[Server-devel] [support-gang] Value of remote access to School Servers.
James Cameron
quozl at laptop.org
Wed Jul 3 05:10:21 EDT 2013
On Wed, Jul 03, 2013 at 02:06:04PM +0530, Anish Mangal wrote:
>
>
> On Wed, Jul 3, 2013 at 1:54 PM, James Cameron <quozl at laptop.org> wrote:
>
> On Wed, Jul 03, 2013 at 12:45:35PM +0530, Anish Mangal wrote:
> > James wrote:
> > > Would the person accessing their XSCE remotely then establish
> > > another tunnel to your OpenVPN server, or would your server do
> > > inbound connection forwarding?
> >
> > Hmm. I'm not so clear on that. I can give the example of a setup in
> > Bhagmalpur (a pilot we recently did).
> >
> > 1. There is an openVPN server hosted by Sameer.

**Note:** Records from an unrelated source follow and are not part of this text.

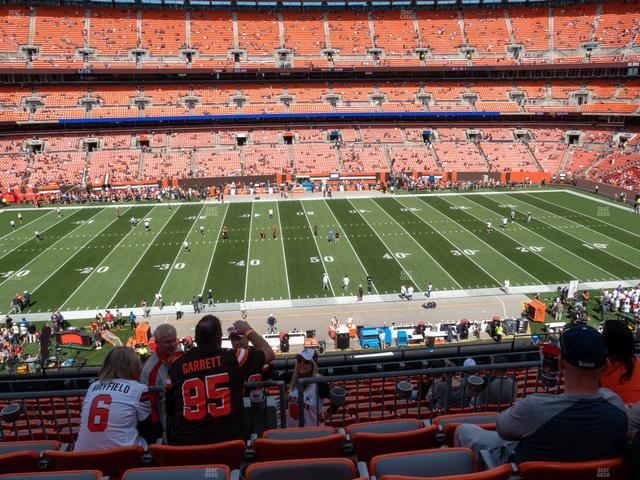 Huntington Bank Field - Section Club 308 Seat View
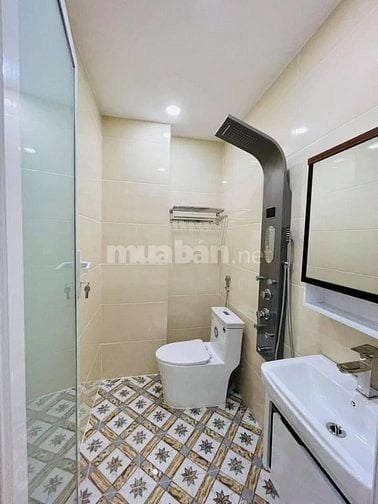 Bán gấp căn 80m² Thành Thái xây 1 trệt 4 lầu. Gần BV Nhi Đồng,hẻm 6m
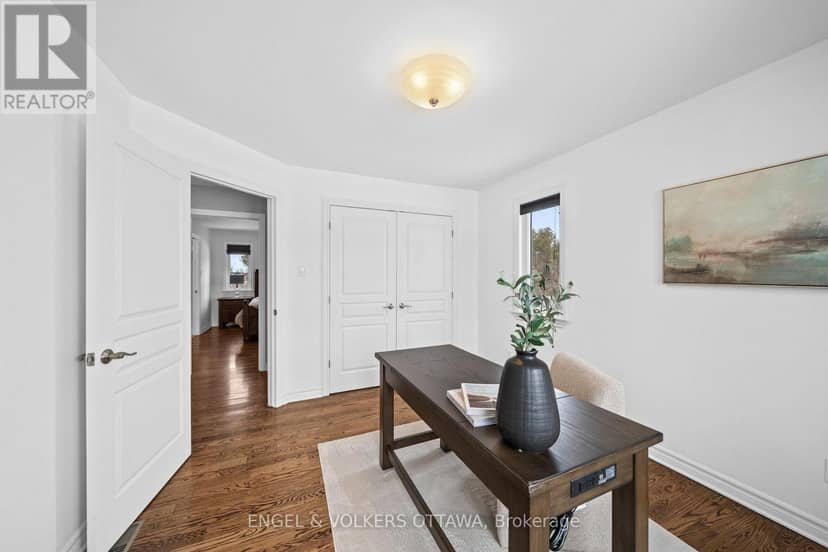 5579 Lombardy Drive — photo 23 of 40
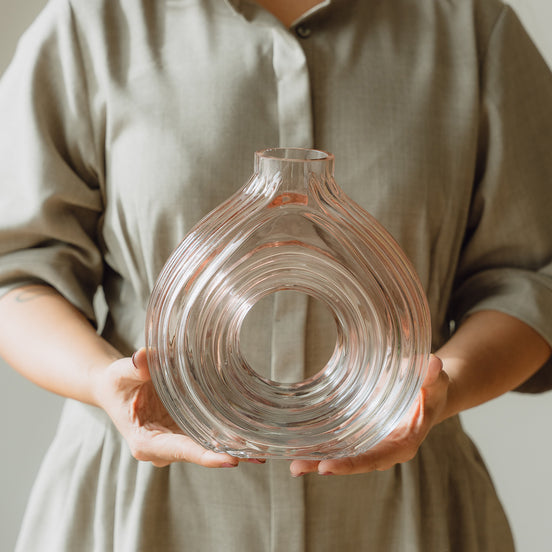 MUSE GLASS VASE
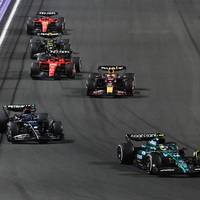 Max Verstappen pflügt mühelos durch das Feld, Sergio Perez gewinnt - Red Bull holt einen erdrückenden Doppelsieg in Dschidda, harmonisch wirkt das Team aber nicht.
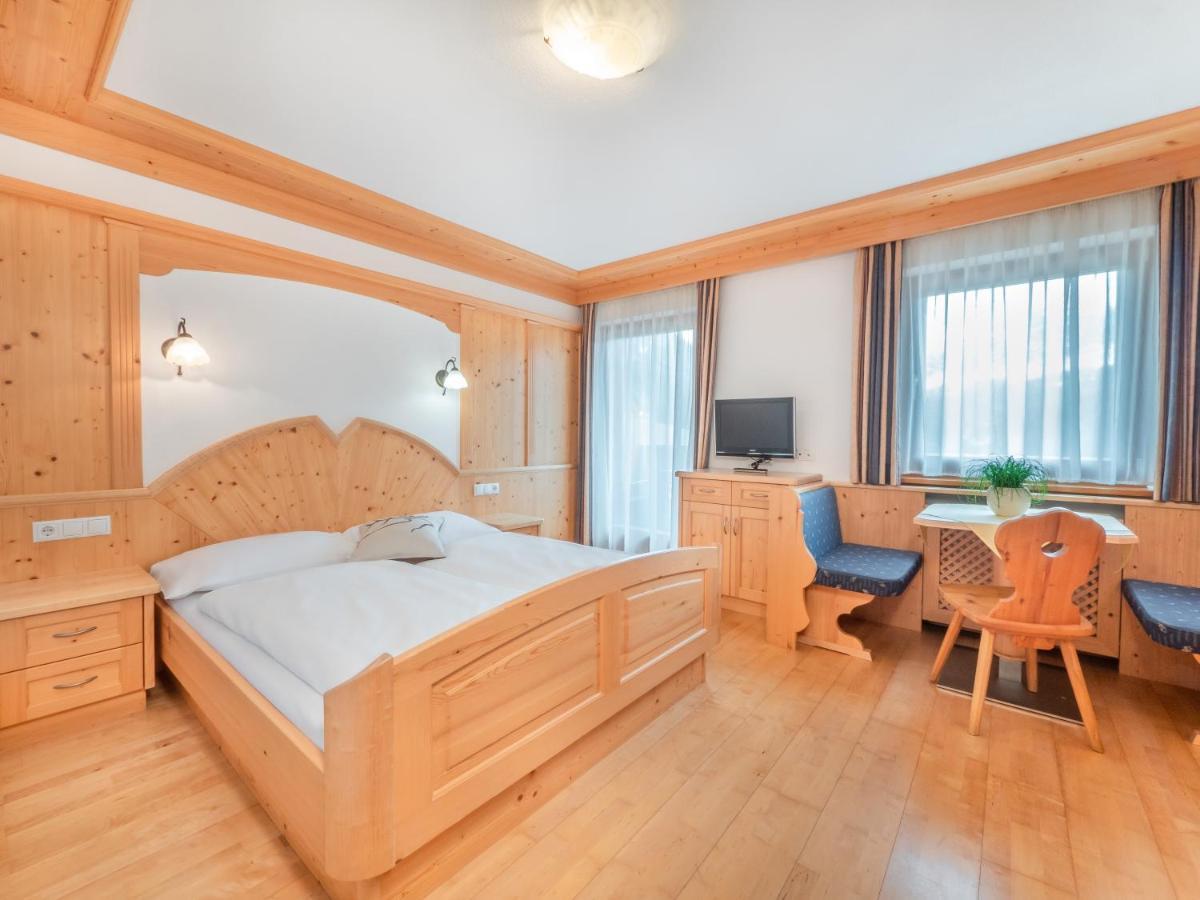 Ciasa Raut Appartement La Valle Buitenkant foto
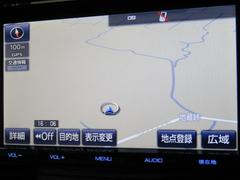 トヨタ純正ＴＣナビ＋フルセグテレビ＋Ｂカメラ＋ＥＴＣ付きです。詳細地図により目的地をピンポイントで設定できます。初めての道でも迷いにくく、ロングドライブも快適ですよ♪ 7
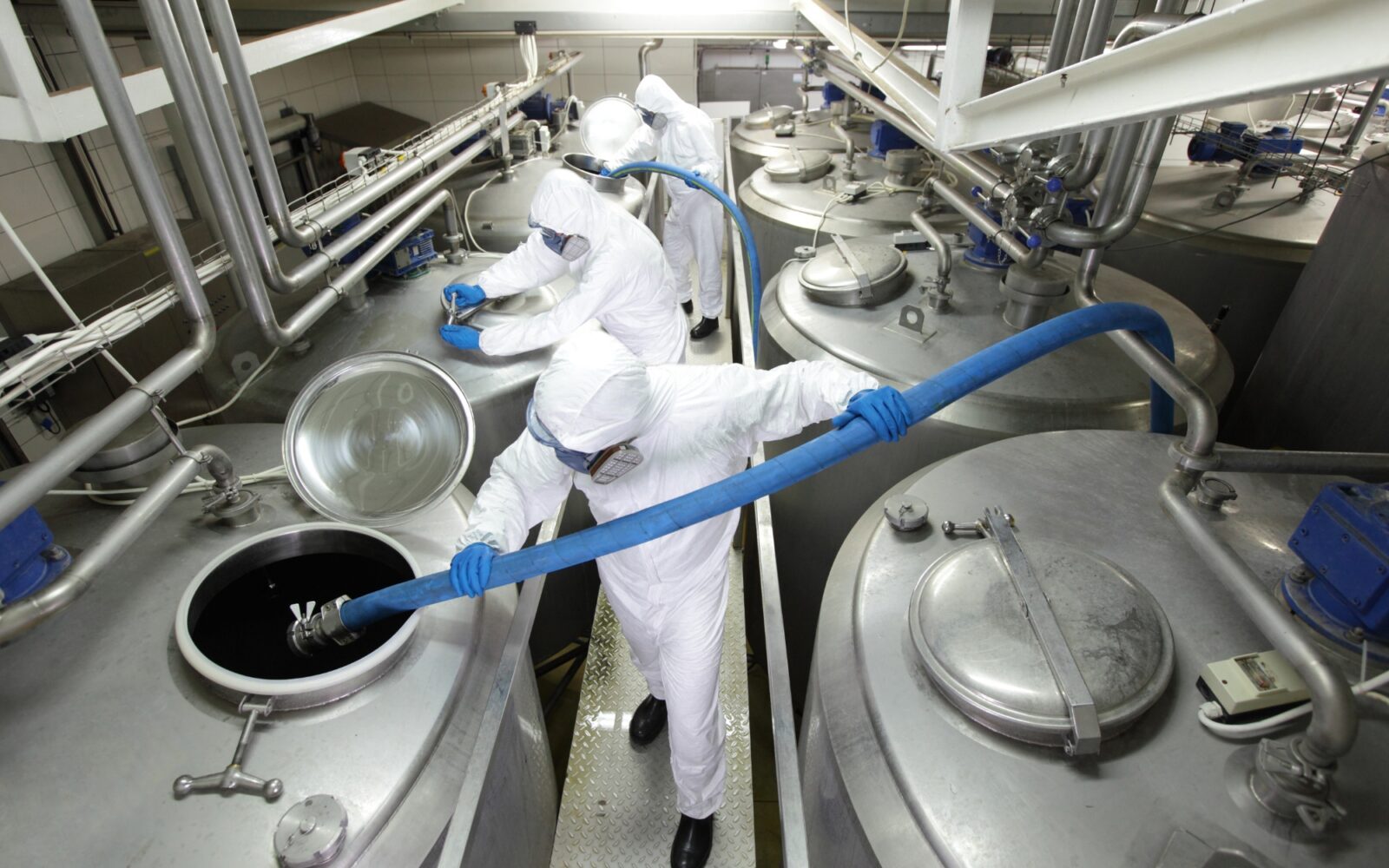 Industry Spotlight: Industrial Hose Applications in Manufacturing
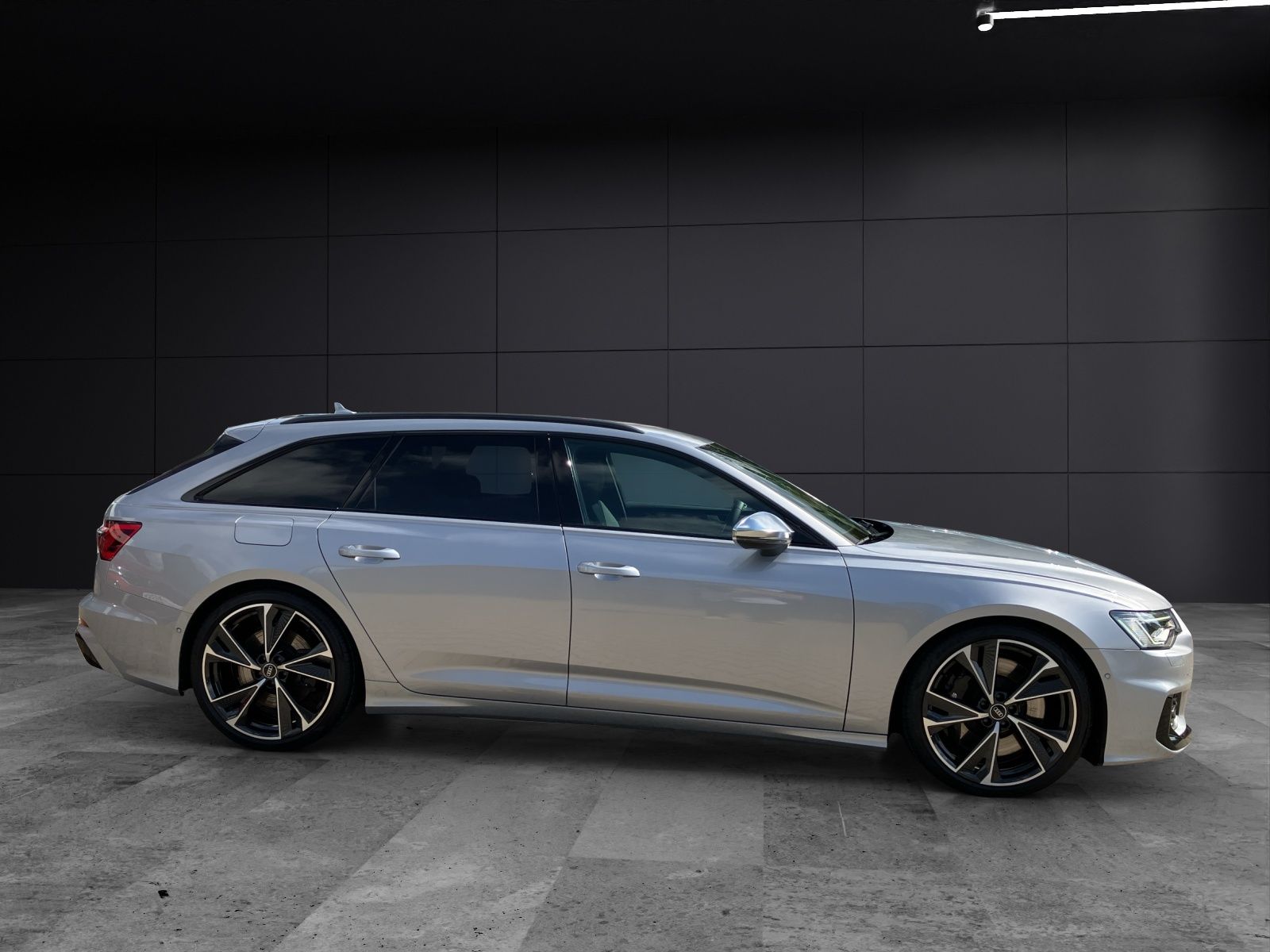 Fahrzeugabbildung Audi S6 Avant TDI quattro Matrix Navi AVC B&O 21" RFK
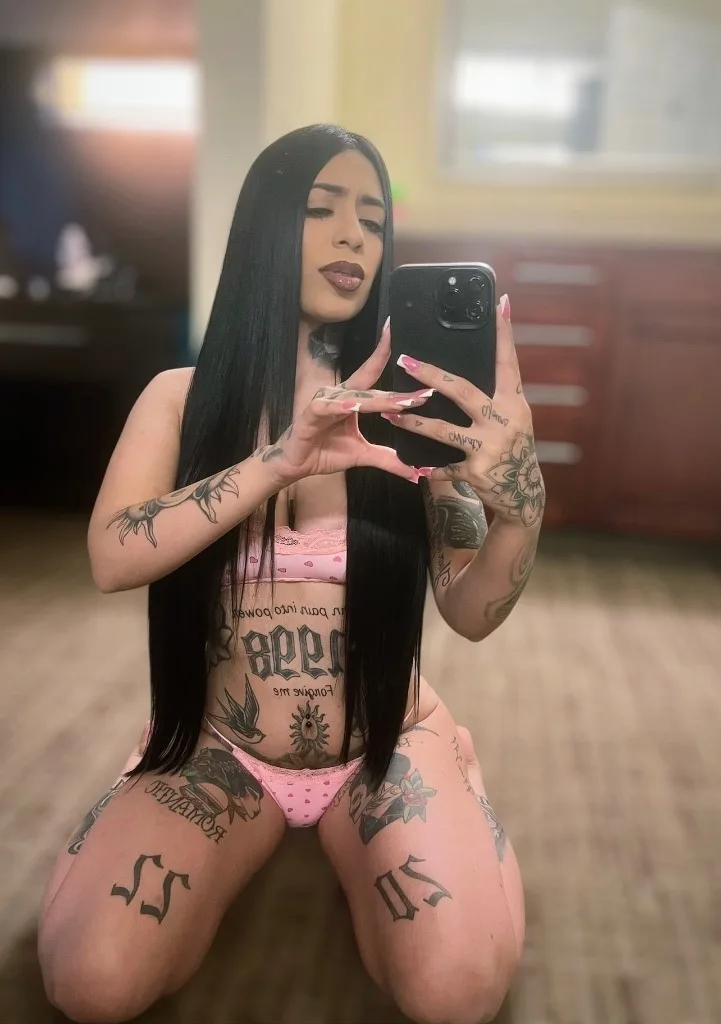 Sexy Latina Freak Wet And Ready 2 Fuck - Photo 4 | Escort in Sacramento
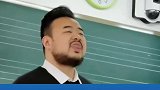 老师用平板相机放大嘴形教意大利语！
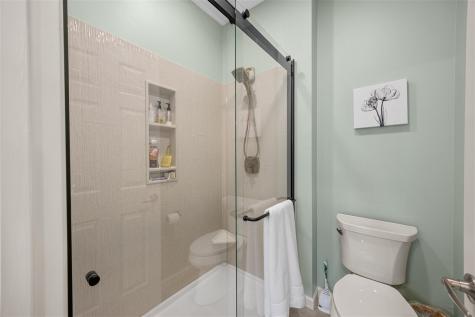 42 Kensington Court Iowa City IA 52245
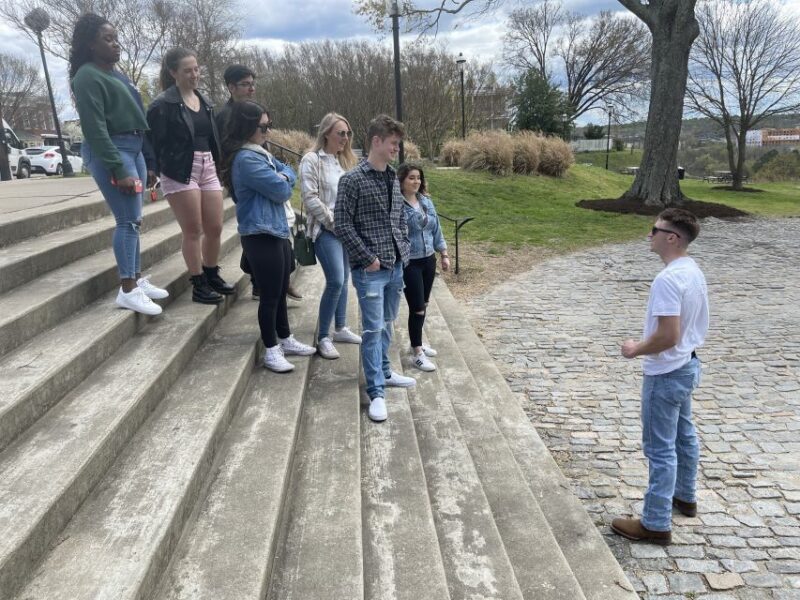 Williamsburg: Secrets of Williamsburg Walking Tour - The Experience: What You Can Expect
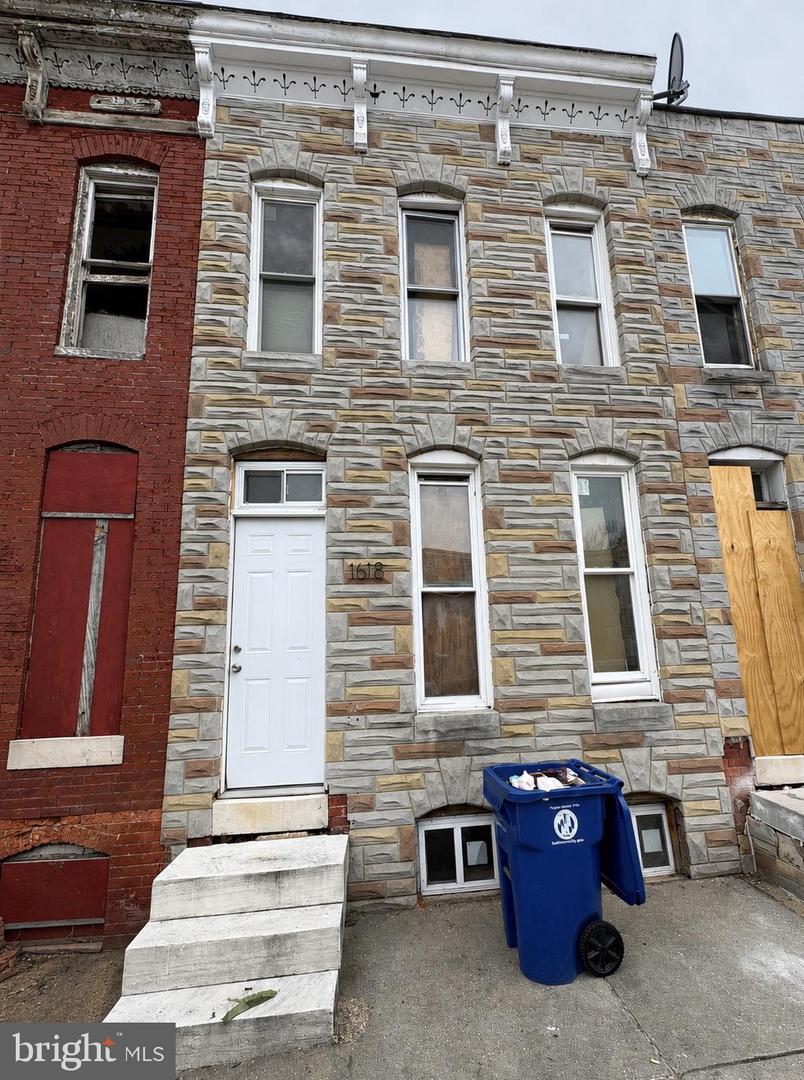 1618 N Wolfe St Property Photo 1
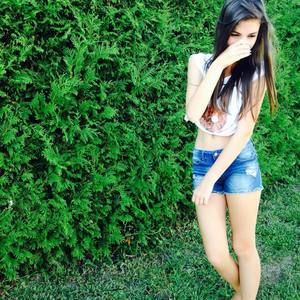 Meet your Posher, Jennyfer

> > 2. The XSCE when connected to the internet dials into this open vpn
> > server.
>
> Thanks, I understand the first two steps, and they sound good.
>
> > 3. I can login to the XSCE through the openVPN connection through
> > ssh and administer remotely.
>
> How is this last step achieved? There's much flexibility, so I'm
> curious. I imagine one of three methods:
>
> a. does the user first SSH into an account on the OpenVPN server and
> then SSH again to the XSCE, or;
>
> b. does the user SSH to a particular port on the OpenVPN server that
> is automatically forwarded to the XSCE, or;
>
> c. does the XSCE have a routable IP address, courtesy of the OpenVPN
> server, to which SSH is directed?
>
>
>
> I'm not sure... let me explain (perhaps Sameer or Santi can chime in)...
>
> I have a set of openVPN keys on may laptop through which I connect to the
> openVPN server automatically (and a network called tun0 is created)
>
> I know the IP address of the XSCE in Bpur
>
> So, from my laptop, I just do ssh root@<ip address of XSCE on the openVPN
> network>
>
> Does it make things any clearer?
Yes, this would be a case "d", where both the client (your laptop) and
the server (the XSCE) have an unroutable address on a network that is
unreachable except through OpenVPN.
By unroutable I mean one that cannot be reached from the public
network.
This is a good choice, because:
- it allows the server hosting the OpenVPN to avoid dealing with
traffic unrelated to the task of remote access,
- it allows the administrator of the OpenVPN server to set up packet
filtering rules to permit specific individuals to access specific
XSCEs,
- it prevents access to either party from the public network.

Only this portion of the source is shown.